Clustering adds a network dependency that doesn't exist with standalone nodes. Corosync — the cluster communication layer — needs reliable, low-latency connectivity between all nodes.

Dedicated Corosync Network

This is not optional in production. Run corosync on its own network, separate from VM traffic and management. Reasons:

VM traffic bursts can cause corosync timeouts, triggering false failovers
Corosync uses multicast or unicast UDP — it's chatty and latency-sensitive
If the corosync link goes down, the cluster loses quorum regardless of whether the nodes are actually healthy

My standard setup uses three networks per node:

Network	VLAN	Subnet	Purpose
vmbr0	untagged	192.168.1.0/24	Management + API
vmbr1	10	10.10.10.0/24	Corosync cluster
vmbr2	20	10.20.0.0/24	VM traffic + storage

Configure the corosync network on each node before creating the cluster. Edit /etc/network/interfaces:

auto eno2
iface eno2 inet static
    address 10.10.10.1/24

auto vmbr1
iface vmbr1 inet static
    address 10.10.10.1/24
    bridge-ports eno2
    bridge-stp off
    bridge-fd 0

Adjust the address for each node: .1, .2, .3, etc.

Apply the network config:

ifreload -a

Verify connectivity between nodes on the corosync network:

ping -c 3 10.10.10.2
ping -c 3 10.10.10.3

DNS and Hostname Resolution

Every node must be able to resolve every other node's hostname. The simplest approach is /etc/hosts:

192.168.1.10  pve1.lab.local pve1
192.168.1.11  pve2.lab.local pve2
192.168.1.12  pve3.lab.local pve3

Add these entries on all nodes. Corosync uses hostnames internally, and resolution failures cause cryptic cluster errors.

Creating the Cluster

On the first node (this becomes the initial cluster member):

pvecm create lab-cluster --link0 10.10.10.1

The --link0 flag specifies the corosync bind address. If you want redundant corosync links (highly recommended for production), add a second:

pvecm create lab-cluster --link0 10.10.10.1 --link1 192.168.1.10

Corosync will use link0 as primary and fail over to link1 if the primary goes down.

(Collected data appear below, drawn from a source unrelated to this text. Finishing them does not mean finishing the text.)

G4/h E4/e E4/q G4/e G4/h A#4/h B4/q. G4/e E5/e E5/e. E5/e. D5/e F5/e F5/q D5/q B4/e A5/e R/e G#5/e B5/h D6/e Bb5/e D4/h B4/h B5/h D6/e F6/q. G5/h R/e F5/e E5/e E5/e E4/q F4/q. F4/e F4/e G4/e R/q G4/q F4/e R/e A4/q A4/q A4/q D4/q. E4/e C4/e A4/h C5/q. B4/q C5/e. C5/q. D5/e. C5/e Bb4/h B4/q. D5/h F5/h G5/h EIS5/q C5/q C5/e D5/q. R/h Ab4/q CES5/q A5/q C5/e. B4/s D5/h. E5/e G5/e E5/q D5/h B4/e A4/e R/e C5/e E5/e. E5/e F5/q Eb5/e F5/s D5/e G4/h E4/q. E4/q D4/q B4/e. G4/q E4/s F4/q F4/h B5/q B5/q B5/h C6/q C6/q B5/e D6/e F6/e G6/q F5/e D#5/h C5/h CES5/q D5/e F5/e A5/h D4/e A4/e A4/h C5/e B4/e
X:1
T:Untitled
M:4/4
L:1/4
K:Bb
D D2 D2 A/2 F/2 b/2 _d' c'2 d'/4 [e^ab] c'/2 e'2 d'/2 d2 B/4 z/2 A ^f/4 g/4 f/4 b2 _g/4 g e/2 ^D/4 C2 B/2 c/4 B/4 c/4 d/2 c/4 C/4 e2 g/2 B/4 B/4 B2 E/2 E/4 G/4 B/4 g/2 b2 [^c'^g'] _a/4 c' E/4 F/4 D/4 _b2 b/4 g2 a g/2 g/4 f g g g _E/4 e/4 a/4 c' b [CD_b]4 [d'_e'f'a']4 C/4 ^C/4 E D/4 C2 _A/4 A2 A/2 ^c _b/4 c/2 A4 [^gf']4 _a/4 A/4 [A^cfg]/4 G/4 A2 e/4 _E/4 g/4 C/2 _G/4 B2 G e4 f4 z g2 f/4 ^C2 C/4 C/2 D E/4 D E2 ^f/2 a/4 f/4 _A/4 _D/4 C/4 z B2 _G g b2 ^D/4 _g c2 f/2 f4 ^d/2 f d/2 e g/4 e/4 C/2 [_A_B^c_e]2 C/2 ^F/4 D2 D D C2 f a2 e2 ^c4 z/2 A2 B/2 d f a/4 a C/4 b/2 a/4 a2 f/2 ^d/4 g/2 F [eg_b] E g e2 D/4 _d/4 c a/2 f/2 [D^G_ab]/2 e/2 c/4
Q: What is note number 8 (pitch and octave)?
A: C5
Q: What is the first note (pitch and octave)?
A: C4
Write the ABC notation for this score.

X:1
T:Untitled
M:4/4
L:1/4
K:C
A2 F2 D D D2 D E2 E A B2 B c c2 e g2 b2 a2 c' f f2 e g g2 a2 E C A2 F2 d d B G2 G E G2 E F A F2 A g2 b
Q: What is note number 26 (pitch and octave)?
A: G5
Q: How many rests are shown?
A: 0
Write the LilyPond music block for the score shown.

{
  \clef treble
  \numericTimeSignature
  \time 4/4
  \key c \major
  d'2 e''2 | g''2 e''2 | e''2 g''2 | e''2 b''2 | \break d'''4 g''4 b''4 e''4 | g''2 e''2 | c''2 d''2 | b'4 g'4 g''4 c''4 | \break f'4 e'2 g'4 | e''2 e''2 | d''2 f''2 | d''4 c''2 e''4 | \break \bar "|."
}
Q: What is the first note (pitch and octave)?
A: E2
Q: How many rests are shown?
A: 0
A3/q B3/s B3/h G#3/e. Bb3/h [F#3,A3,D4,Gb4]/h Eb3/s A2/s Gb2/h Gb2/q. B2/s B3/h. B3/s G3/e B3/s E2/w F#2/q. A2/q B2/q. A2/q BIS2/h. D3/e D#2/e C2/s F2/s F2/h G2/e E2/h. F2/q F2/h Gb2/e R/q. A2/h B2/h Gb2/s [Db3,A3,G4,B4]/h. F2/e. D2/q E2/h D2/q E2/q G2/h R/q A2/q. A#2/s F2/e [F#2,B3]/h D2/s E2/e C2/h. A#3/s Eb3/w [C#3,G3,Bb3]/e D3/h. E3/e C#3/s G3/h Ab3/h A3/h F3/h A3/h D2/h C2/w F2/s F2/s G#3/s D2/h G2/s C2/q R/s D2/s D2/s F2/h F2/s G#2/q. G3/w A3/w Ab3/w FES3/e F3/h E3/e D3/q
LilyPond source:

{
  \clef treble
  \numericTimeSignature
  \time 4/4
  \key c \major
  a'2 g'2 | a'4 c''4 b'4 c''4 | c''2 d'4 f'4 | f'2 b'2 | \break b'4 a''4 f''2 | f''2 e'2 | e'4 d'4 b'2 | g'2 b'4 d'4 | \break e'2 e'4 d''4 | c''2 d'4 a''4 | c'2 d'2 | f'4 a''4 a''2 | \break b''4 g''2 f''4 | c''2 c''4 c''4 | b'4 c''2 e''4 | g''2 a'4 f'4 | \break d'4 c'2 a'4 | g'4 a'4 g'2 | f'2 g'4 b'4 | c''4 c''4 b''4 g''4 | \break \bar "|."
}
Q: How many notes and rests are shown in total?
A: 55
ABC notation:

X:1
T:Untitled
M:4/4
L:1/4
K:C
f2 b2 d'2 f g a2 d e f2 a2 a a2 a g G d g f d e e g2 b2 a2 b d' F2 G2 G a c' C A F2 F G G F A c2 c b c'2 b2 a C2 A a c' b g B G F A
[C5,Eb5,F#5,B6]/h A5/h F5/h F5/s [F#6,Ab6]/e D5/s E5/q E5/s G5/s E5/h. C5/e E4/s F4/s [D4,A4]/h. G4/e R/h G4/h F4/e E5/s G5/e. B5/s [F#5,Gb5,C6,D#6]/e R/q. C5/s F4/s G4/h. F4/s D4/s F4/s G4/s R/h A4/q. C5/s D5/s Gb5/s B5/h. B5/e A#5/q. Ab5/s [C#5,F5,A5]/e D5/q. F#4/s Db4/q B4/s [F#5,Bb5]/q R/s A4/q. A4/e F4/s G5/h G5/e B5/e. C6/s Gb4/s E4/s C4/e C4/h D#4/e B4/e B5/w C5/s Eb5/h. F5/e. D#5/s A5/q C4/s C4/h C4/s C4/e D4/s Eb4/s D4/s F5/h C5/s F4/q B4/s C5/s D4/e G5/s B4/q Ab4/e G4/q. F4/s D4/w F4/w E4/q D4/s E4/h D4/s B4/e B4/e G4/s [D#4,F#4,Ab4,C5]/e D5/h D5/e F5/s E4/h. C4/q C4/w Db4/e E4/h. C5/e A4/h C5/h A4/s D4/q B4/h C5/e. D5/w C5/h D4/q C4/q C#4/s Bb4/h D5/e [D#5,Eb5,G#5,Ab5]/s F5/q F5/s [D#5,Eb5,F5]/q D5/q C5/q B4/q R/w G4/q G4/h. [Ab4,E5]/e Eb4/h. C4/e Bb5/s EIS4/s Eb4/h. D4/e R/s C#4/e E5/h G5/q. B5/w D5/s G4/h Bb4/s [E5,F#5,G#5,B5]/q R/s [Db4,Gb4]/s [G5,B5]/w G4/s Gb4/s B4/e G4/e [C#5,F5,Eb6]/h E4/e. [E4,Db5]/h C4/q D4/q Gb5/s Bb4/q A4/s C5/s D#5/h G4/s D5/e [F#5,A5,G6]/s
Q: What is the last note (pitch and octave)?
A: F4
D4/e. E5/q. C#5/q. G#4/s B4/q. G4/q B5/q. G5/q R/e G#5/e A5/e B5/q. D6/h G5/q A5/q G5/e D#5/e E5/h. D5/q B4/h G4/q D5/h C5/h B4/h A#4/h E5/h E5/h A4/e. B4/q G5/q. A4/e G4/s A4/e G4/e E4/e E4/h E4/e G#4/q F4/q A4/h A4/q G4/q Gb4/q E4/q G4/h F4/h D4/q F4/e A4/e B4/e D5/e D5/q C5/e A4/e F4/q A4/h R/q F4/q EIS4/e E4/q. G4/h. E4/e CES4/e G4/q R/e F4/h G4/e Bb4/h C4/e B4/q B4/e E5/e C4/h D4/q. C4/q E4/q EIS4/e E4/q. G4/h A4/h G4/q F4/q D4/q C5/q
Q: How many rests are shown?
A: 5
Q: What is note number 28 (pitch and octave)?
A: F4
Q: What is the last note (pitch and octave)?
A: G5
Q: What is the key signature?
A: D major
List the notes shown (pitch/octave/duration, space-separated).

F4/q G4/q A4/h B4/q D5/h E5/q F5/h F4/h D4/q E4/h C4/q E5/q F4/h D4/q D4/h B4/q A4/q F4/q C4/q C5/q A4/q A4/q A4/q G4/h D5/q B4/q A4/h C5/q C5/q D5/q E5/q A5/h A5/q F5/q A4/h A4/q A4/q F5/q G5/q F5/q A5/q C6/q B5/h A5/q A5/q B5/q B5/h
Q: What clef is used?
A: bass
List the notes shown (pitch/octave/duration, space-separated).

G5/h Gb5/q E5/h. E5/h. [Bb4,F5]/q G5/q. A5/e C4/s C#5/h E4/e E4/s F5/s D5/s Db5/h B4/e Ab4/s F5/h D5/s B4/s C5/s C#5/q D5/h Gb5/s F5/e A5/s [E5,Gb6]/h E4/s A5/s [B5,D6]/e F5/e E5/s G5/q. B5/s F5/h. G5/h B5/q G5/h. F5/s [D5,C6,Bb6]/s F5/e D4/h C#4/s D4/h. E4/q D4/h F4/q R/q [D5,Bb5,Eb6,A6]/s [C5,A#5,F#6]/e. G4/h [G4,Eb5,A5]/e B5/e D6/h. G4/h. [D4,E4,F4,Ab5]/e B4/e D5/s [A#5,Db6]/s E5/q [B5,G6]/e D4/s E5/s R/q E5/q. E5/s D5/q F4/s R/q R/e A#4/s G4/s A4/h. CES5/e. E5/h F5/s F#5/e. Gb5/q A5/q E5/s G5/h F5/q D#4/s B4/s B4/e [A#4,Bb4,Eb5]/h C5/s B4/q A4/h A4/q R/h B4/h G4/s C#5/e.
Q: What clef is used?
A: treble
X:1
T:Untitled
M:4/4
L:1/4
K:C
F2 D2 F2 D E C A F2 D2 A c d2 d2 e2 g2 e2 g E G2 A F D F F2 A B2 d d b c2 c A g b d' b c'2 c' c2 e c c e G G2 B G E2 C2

Verify the cluster was created:

pvecm status

Cluster information
-------------------
Name:             lab-cluster
Config Version:   1
Transport:        knet
Secure auth:      on

Quorum information
------------------
Date:             Thu Mar  4 14:23:17 2026
Quorum provider:  corosync_votequorum
Nodes:            1
Node ID:          0x00000001
Ring ID:          1.5
Quorate:          Yes

Votequorum information
----------------------
Expected votes:   1
Highest expected: 1
Total votes:      1
Quorum:           1
Flags:            Quorate

Membership information
----------------------
    Nodeid      Votes Name
0x00000001          1 10.10.10.1 (local)

Joining Nodes

On each additional node, join the cluster. You need the root password of the first node:

pvecm add 192.168.1.10 --link0 10.10.10.2

Replace 192.168.1.10 with the management IP of the first node, and 10.10.10.2 with this node's corosync address.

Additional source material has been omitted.